# What to produce
Copy exactly the lines starting at the one that contains "Un dormitorio moderno" and running through the end of the material below. Exclude any pictures.

# Exercise data
◆ ◆ ◆ ◆ ◆

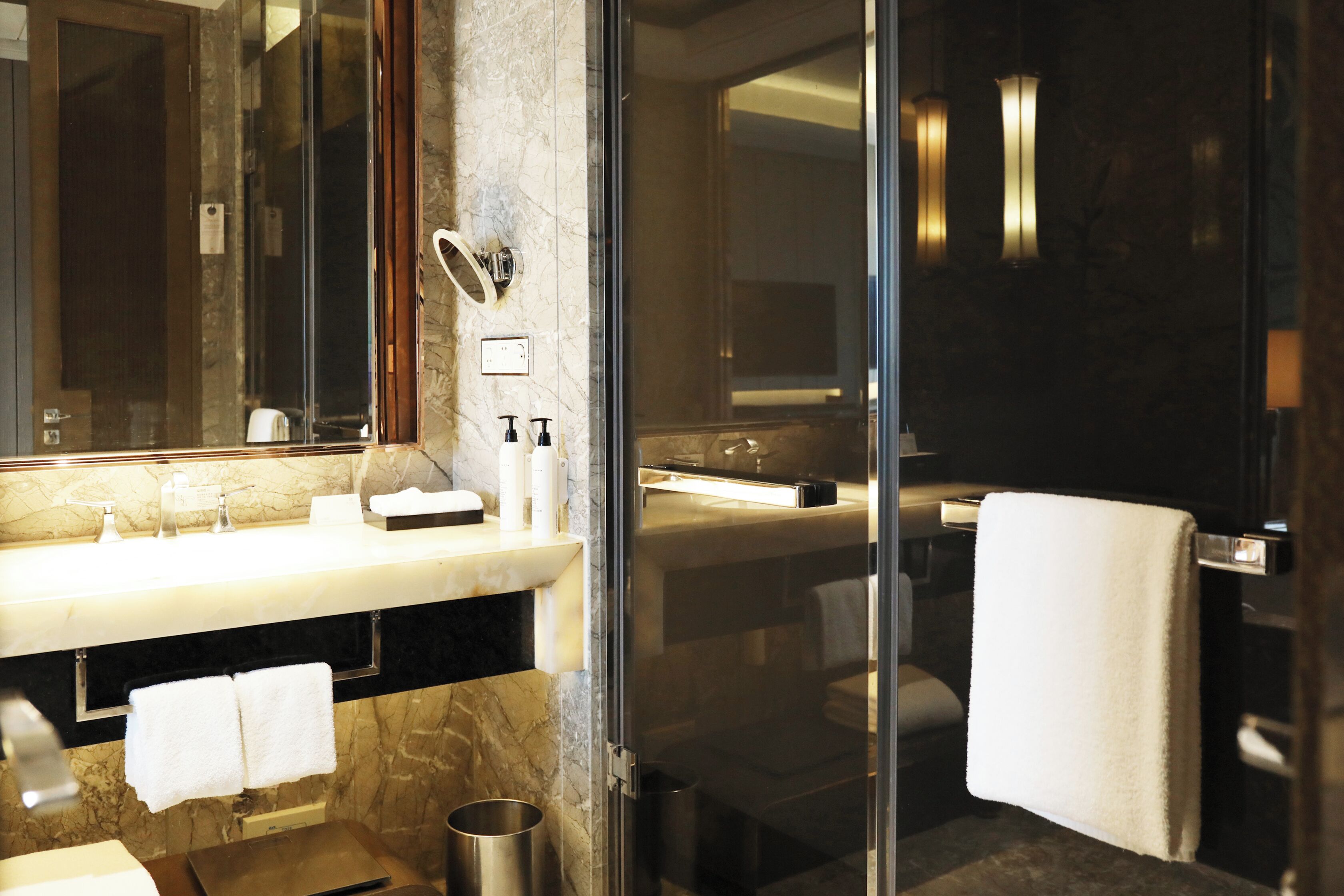 A modern bathroom with a marble vanity, a glass shower enclosure, and a large mirror.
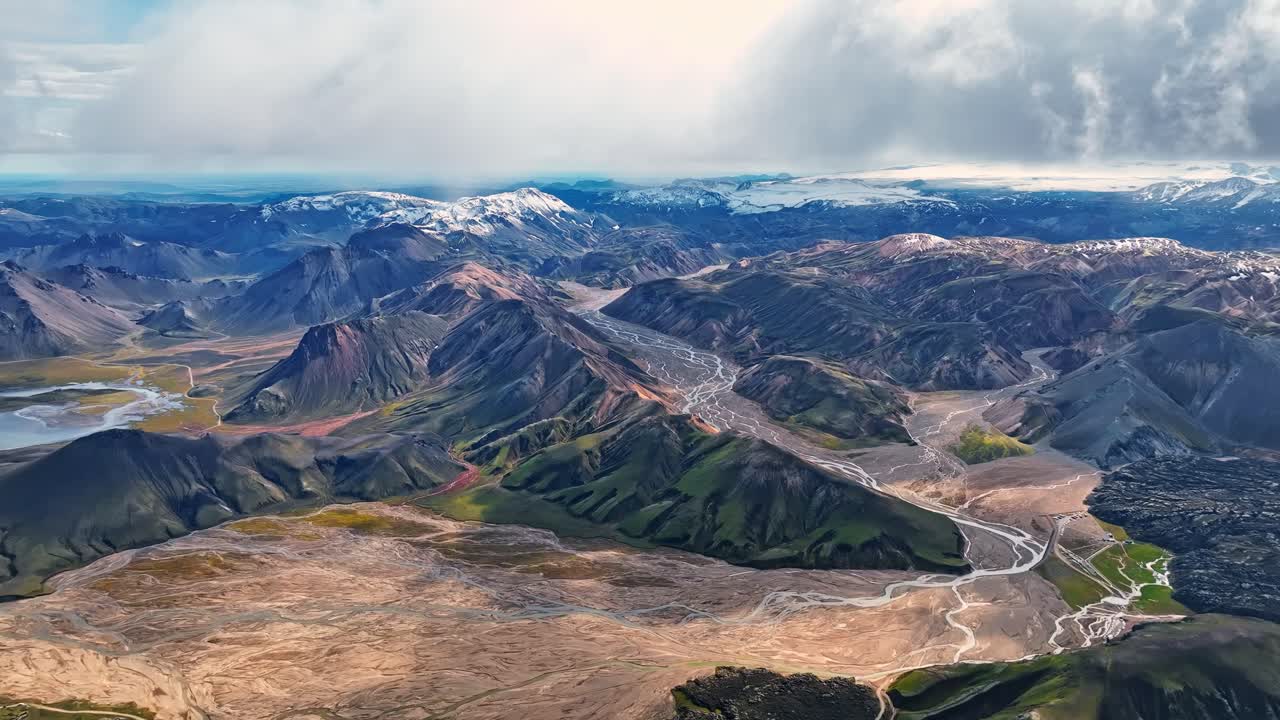 Scenic rhyolite mountains and alley drone view at cloud level. Iceland highlands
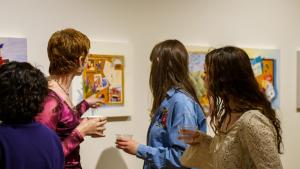 Four women view art in a gallery.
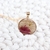 Collier souvenir poils de chien fleur sechee or lamine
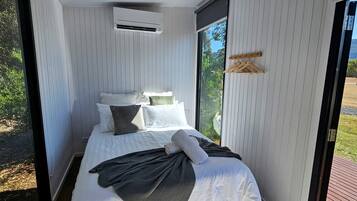 Un dormitorio moderno con cama, almohadas y ventana.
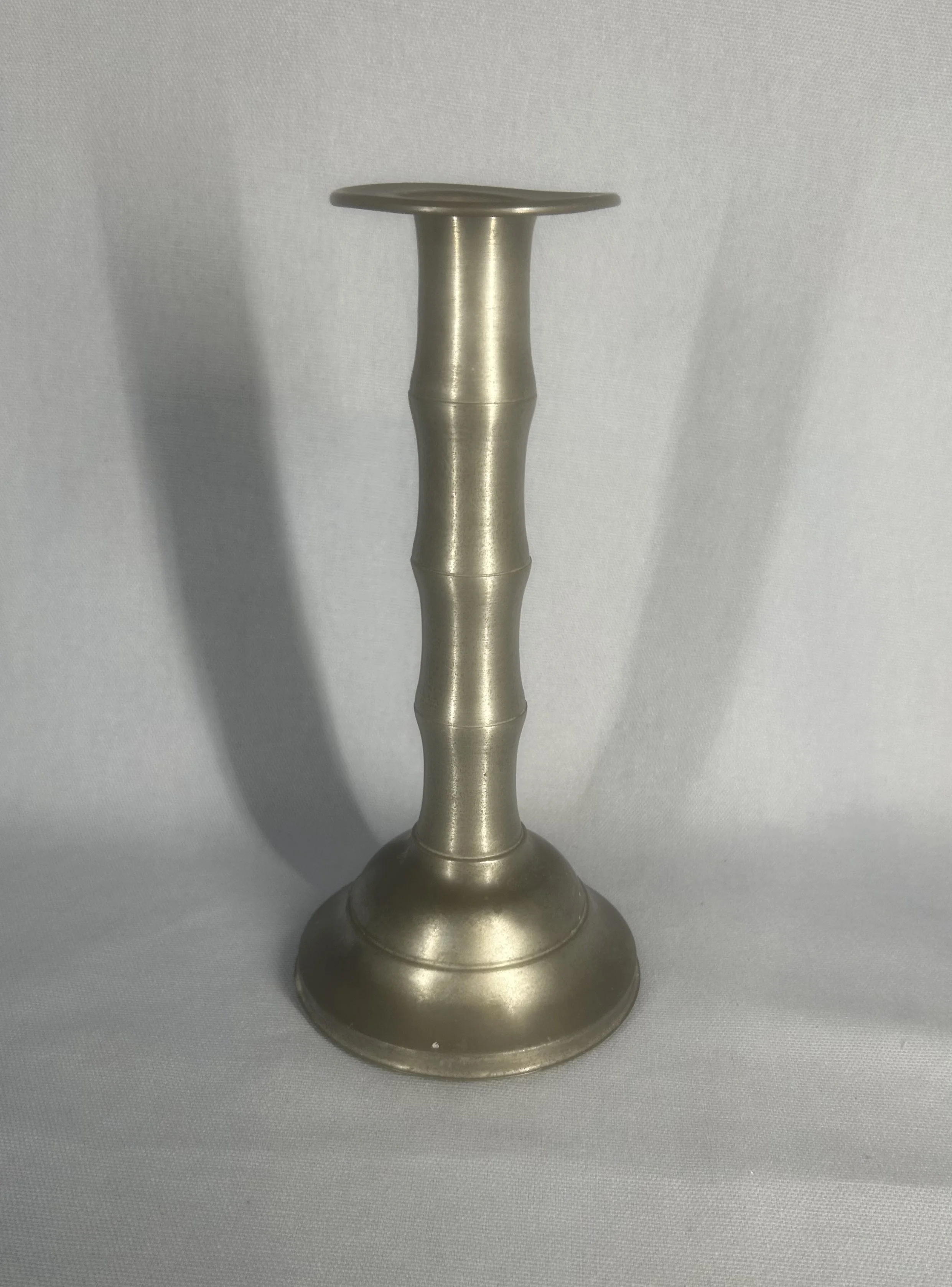 English Pewter Candlestick, Late 19th – Early 20th Century (c. 1880–1915).  The design reflects late Victorian to Edwardian taste.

◆ ◆ ◆ ◆ ◆

# Solution to this task
 Un dormitorio moderno con cama, almohadas y ventana.
 English Pewter Candlestick, Late 19th – Early 20th Century (c. 1880–1915).  The design reflects late Victorian to Edwardian taste.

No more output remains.